Please, from the entries below, transcribe exactly the lines that begin at the line with "Valmue <br>'Shirley Single" and end at the line with "Seminte de telina Dolvi", without the pictures.

| The input |

______________________________

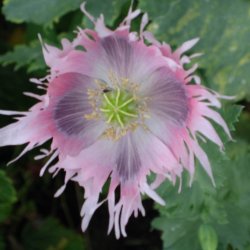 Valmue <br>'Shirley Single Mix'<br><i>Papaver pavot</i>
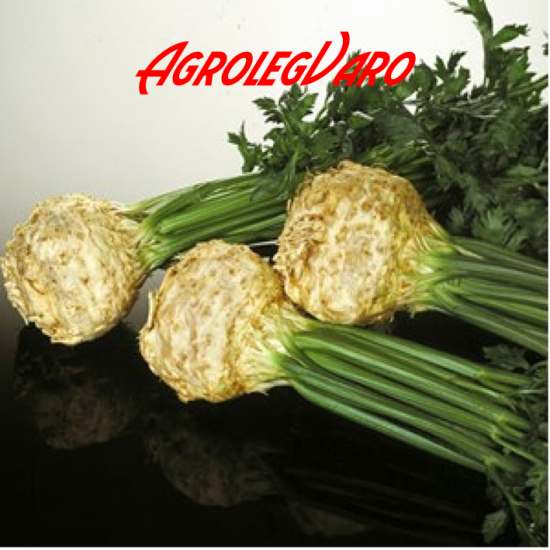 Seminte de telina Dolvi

______________________________

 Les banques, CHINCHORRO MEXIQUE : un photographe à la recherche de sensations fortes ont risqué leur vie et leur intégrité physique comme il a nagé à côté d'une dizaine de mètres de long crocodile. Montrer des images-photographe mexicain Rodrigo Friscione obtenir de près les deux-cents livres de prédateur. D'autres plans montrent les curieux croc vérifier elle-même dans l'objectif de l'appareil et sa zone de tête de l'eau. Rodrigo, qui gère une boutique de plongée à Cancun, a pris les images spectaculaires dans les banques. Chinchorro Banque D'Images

______________________________

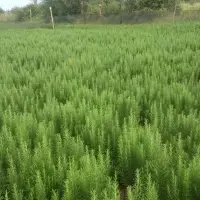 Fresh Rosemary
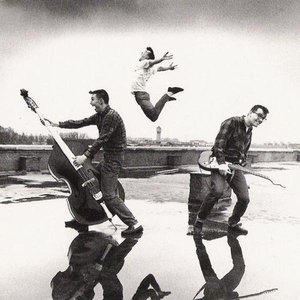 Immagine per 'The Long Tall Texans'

______________________________

| Solved exercise |
 Valmue <br>'Shirley Single Mix'<br><i>Papaver pavot</i>
 Seminte de telina Dolvi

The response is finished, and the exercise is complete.